+++ Data excerpts

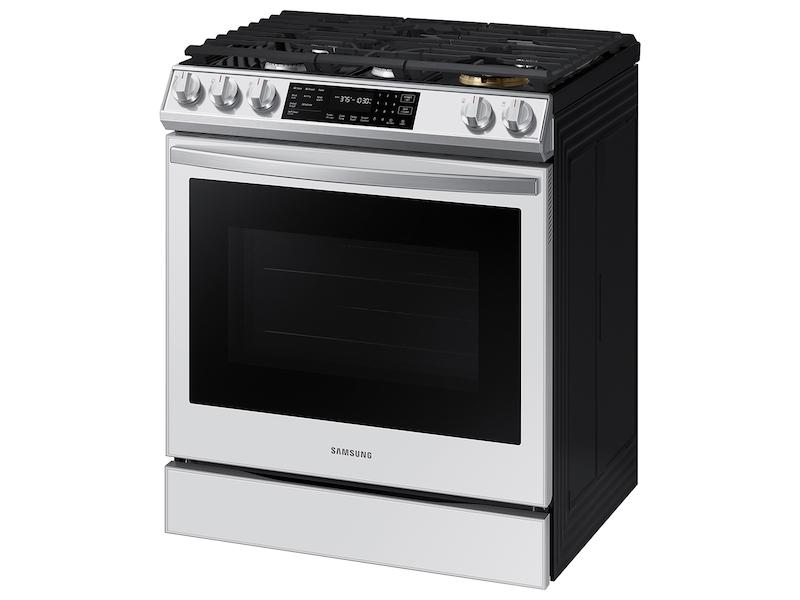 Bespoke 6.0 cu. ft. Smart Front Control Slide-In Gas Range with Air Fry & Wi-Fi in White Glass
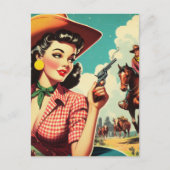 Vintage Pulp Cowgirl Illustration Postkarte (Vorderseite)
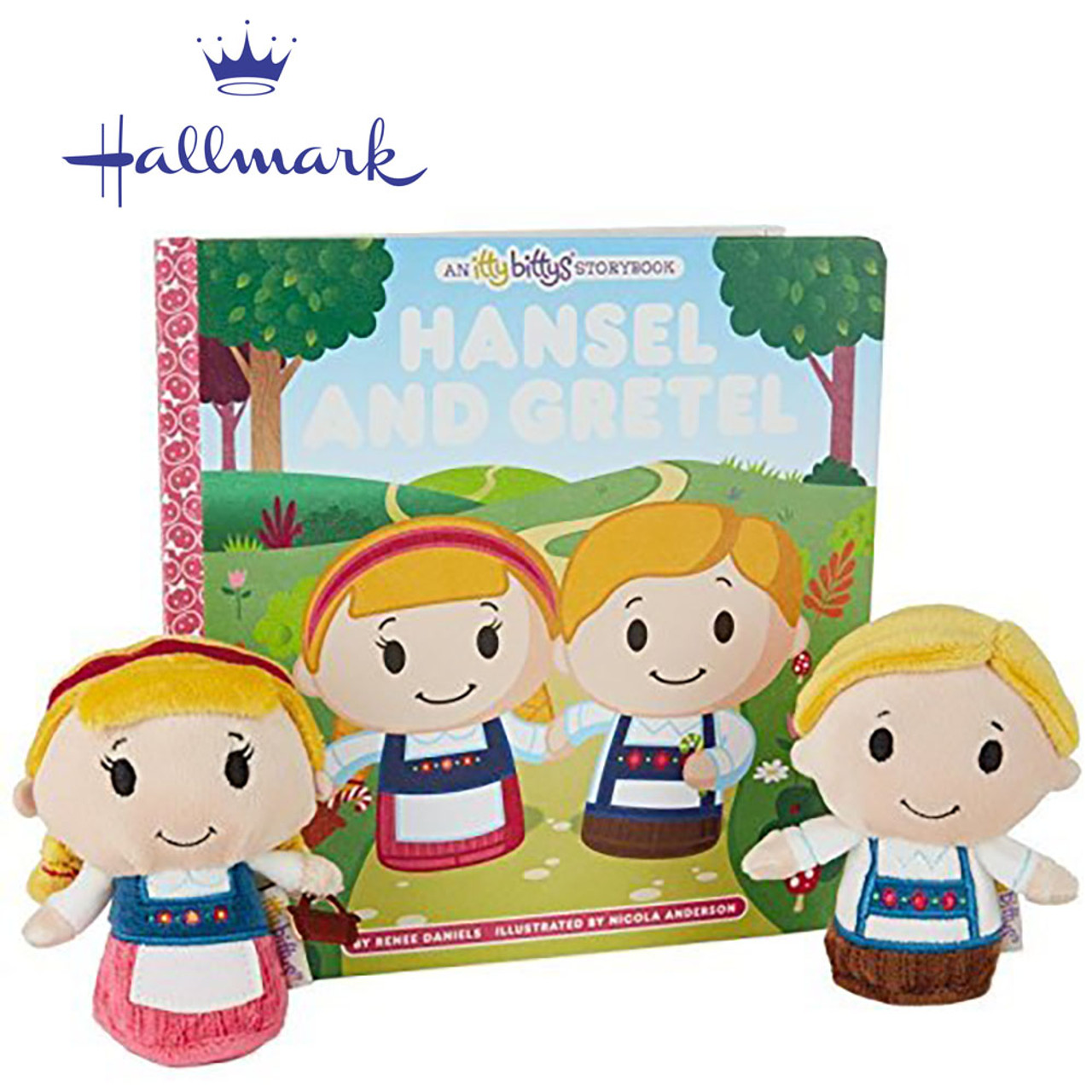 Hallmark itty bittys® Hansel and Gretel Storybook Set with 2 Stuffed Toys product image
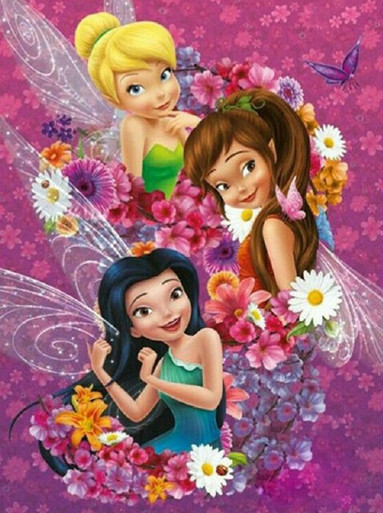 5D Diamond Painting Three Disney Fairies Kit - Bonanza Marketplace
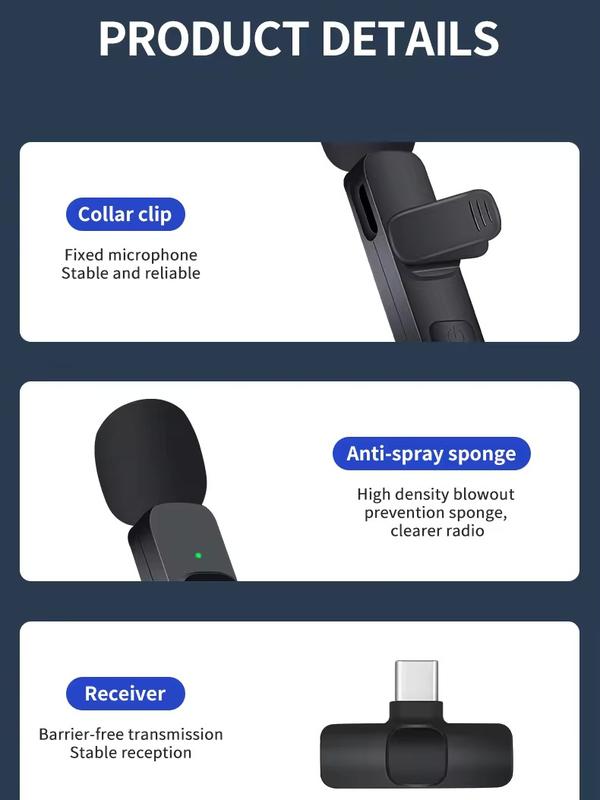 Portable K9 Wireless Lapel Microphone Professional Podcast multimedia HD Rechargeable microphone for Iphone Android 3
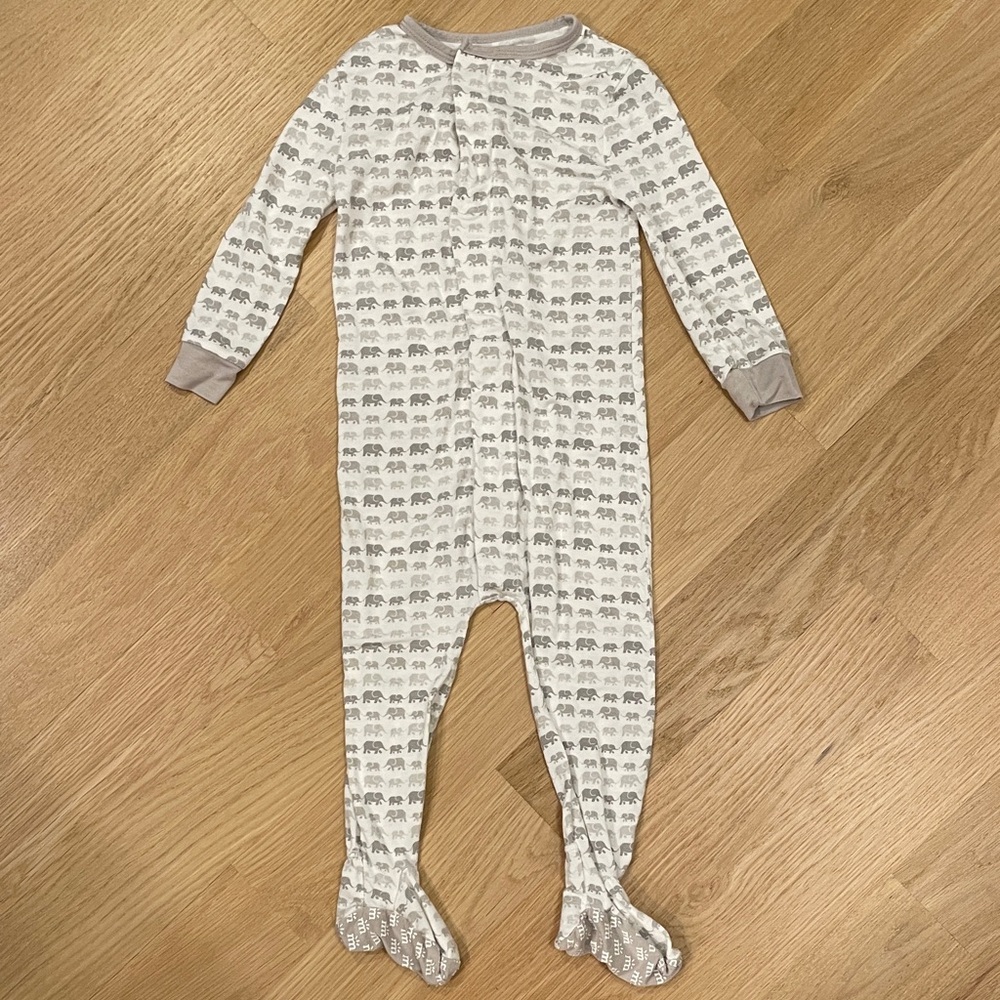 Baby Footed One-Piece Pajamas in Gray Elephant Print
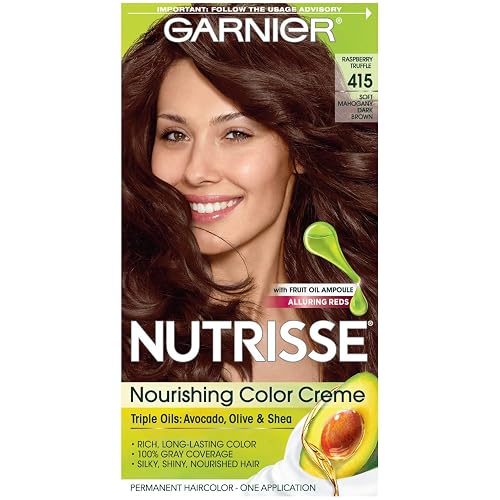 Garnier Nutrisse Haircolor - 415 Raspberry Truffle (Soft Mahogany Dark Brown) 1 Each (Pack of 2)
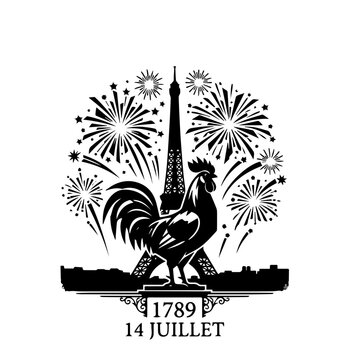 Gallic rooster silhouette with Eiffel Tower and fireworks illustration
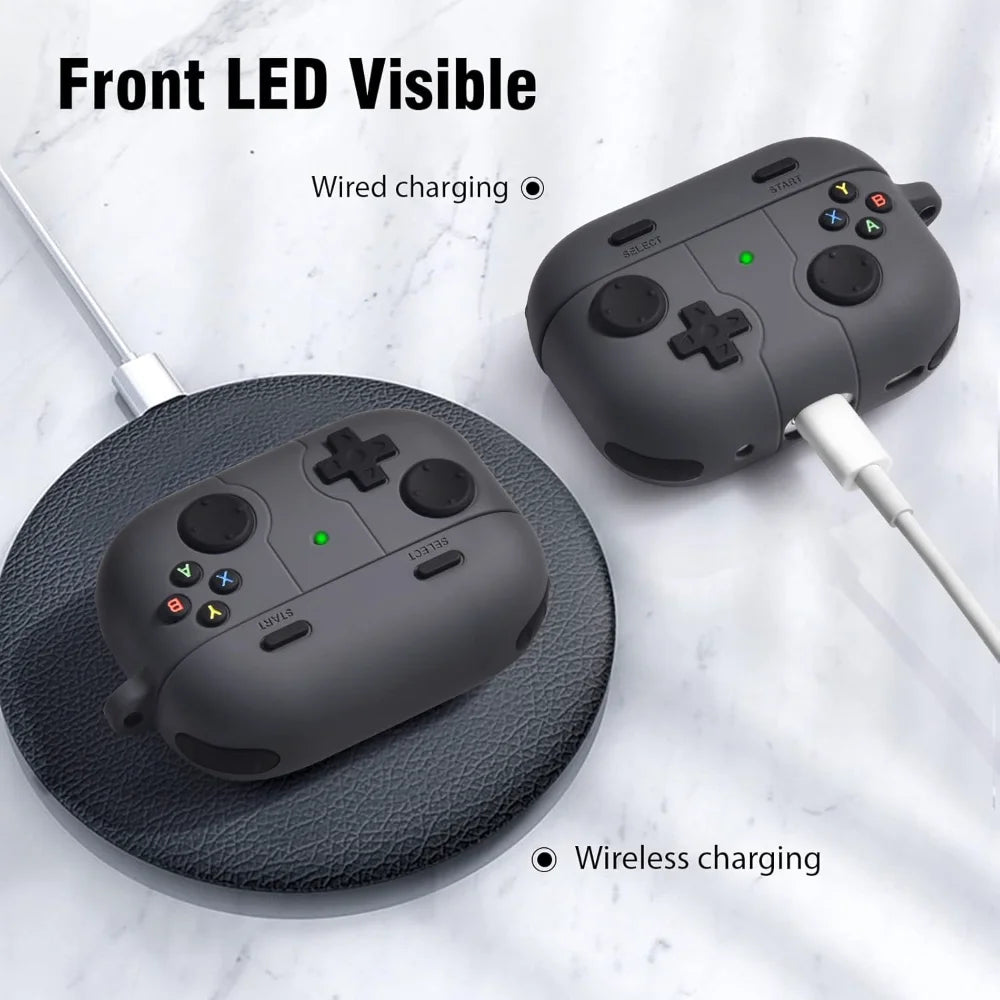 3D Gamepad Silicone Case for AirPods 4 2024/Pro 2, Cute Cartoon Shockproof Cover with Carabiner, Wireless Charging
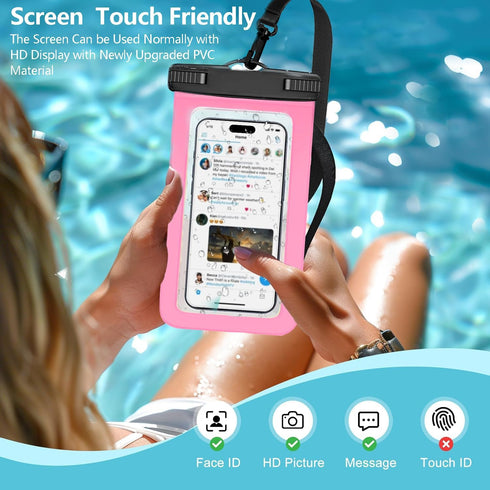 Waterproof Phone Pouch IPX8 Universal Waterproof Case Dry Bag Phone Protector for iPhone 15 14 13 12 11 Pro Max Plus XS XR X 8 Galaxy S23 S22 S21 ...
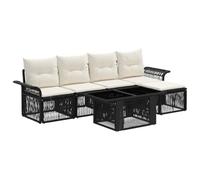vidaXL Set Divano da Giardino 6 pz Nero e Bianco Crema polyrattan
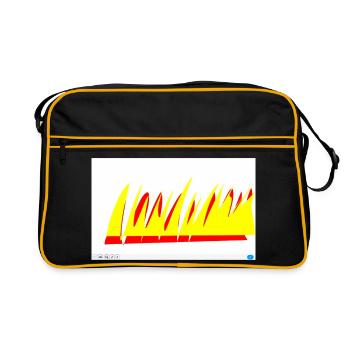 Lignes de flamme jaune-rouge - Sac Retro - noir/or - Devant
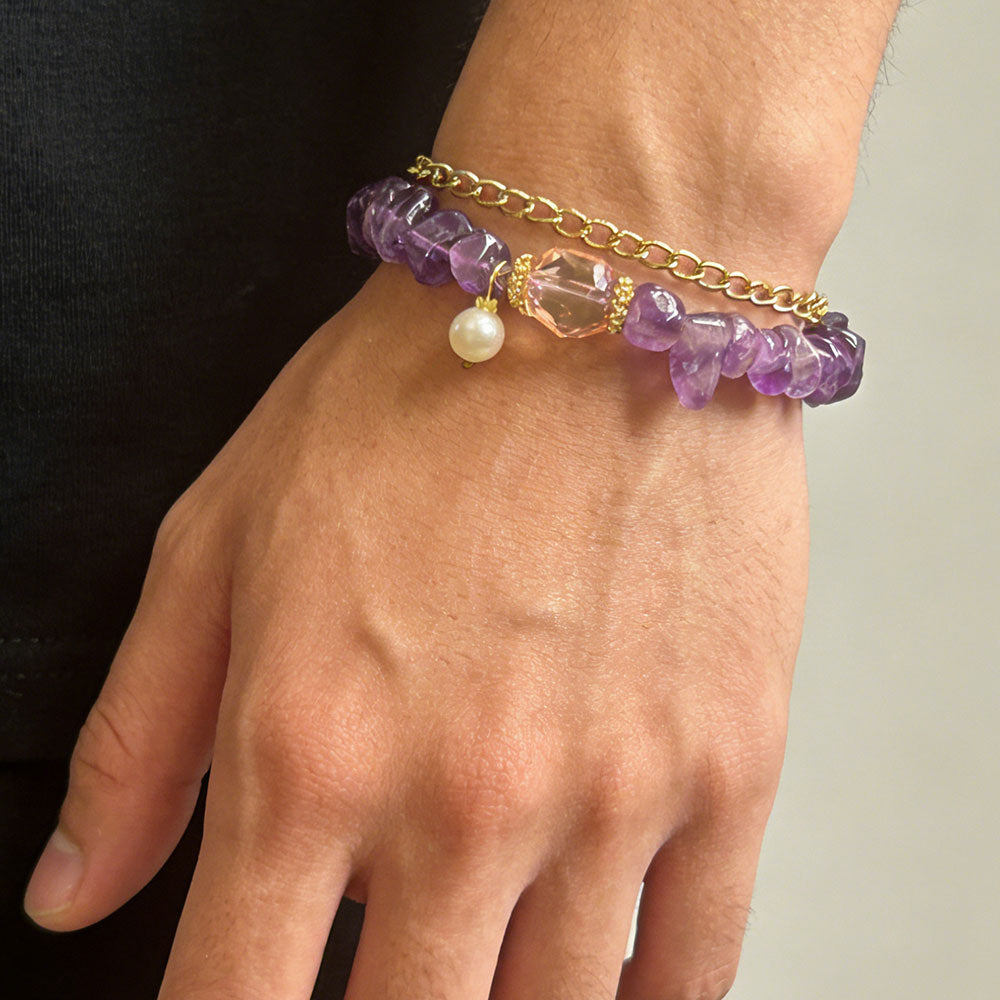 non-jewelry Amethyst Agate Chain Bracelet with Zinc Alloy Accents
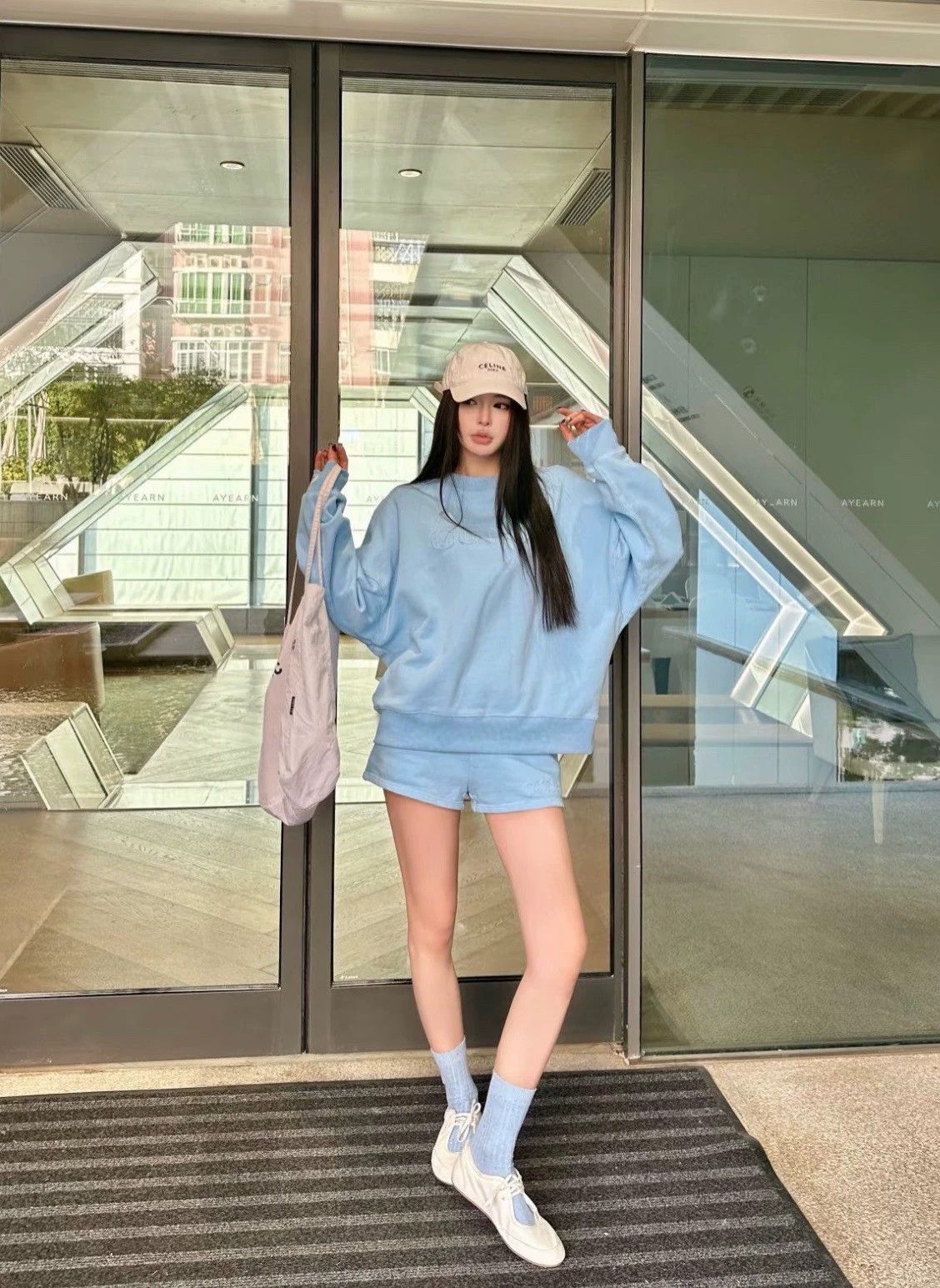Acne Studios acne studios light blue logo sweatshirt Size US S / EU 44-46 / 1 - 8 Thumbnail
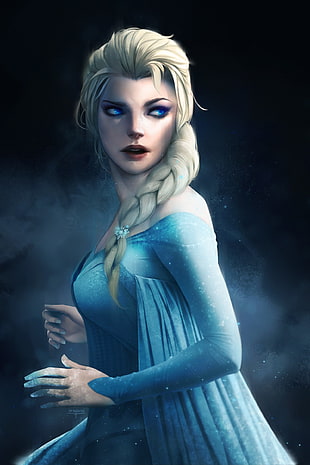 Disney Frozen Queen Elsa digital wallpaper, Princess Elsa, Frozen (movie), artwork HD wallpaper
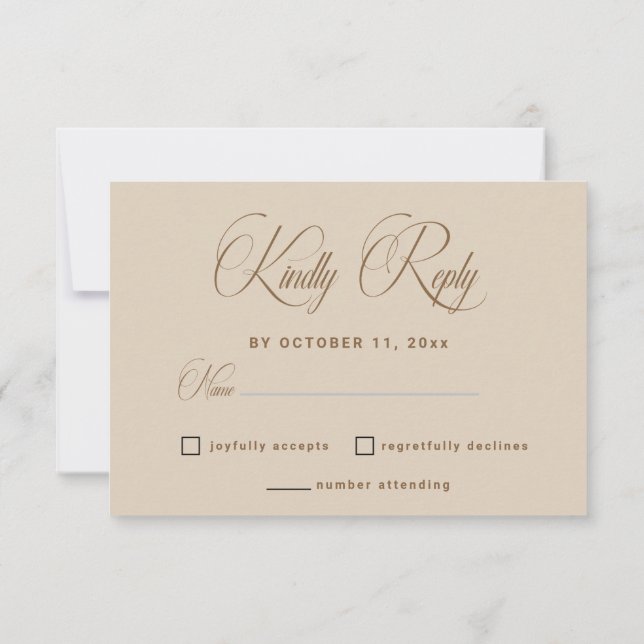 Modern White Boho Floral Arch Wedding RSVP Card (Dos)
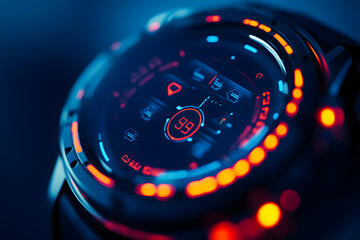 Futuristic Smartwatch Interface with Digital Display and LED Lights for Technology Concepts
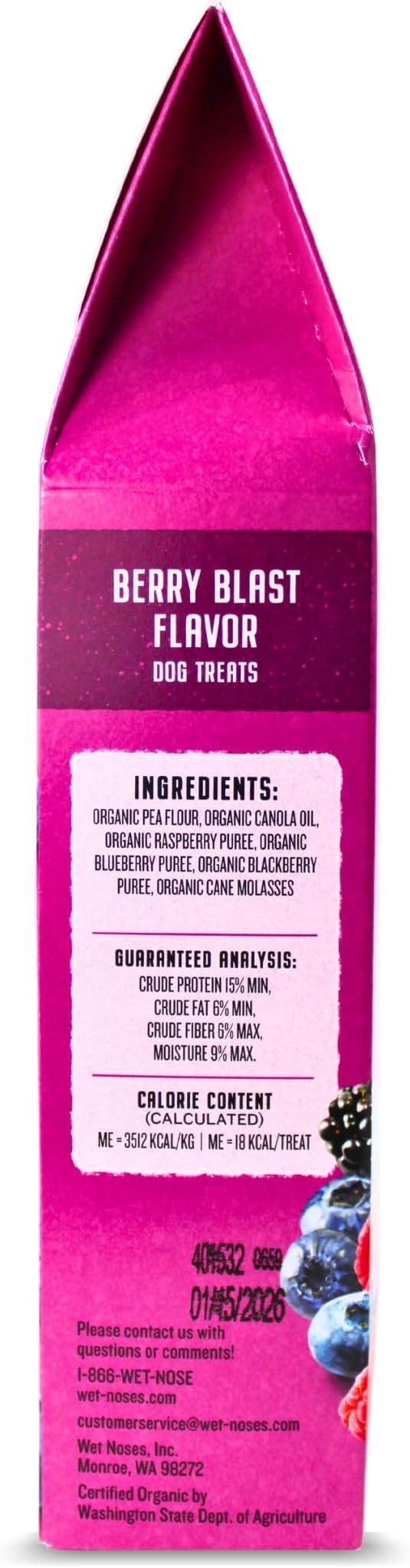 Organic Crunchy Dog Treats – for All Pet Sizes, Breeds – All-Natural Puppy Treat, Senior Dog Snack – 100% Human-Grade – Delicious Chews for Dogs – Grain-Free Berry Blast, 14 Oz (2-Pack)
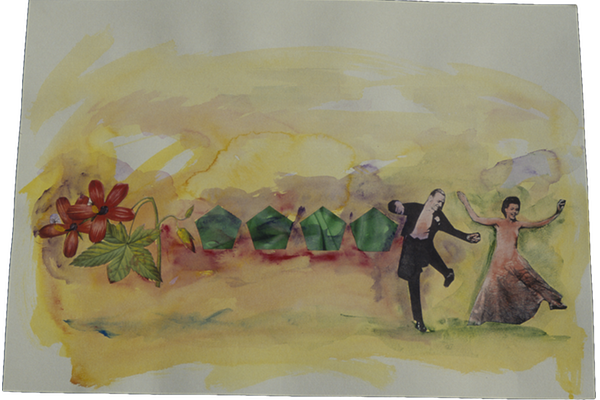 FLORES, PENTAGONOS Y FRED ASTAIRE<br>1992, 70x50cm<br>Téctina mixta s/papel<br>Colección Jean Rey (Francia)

++++++

What is required:
Return exactly the lines running from the line with "3D Gamepad Silicone" through the final line of the listing. Leave the pictures out.

Exercise solution:
 3D Gamepad Silicone Case for AirPods 4 2024/Pro 2, Cute Cartoon Shockproof Cover with Carabiner, Wireless Charging
 Waterproof Phone Pouch IPX8 Universal Waterproof Case Dry Bag Phone Protector for iPhone 15 14 13 12 11 Pro Max Plus XS XR X 8 Galaxy S23 S22 S21 ...
vidaXL Set Divano da Giardino 6 pz Nero e Bianco Crema polyrattan
 Lignes de flamme jaune-rouge - Sac Retro - noir/or - Devant
 non-jewelry Amethyst Agate Chain Bracelet with Zinc Alloy Accents
Acne Studios acne studios light blue logo sweatshirt Size US S / EU 44-46 / 1 - 8 Thumbnail
 Disney Frozen Queen Elsa digital wallpaper, Princess Elsa, Frozen (movie), artwork HD wallpaper
 Modern White Boho Floral Arch Wedding RSVP Card (Dos)
 Futuristic Smartwatch Interface with Digital Display and LED Lights for Technology Concepts
 Organic Crunchy Dog Treats – for All Pet Sizes, Breeds – All-Natural Puppy Treat, Senior Dog Snack – 100% Human-Grade – Delicious Chews for Dogs – Grain-Free Berry Blast, 14 Oz (2-Pack)
 FLORES, PENTAGONOS Y FRED ASTAIRE<br>1992, 70x50cm<br>Téctina mixta s/papel<br>Colección Jean Rey (Francia)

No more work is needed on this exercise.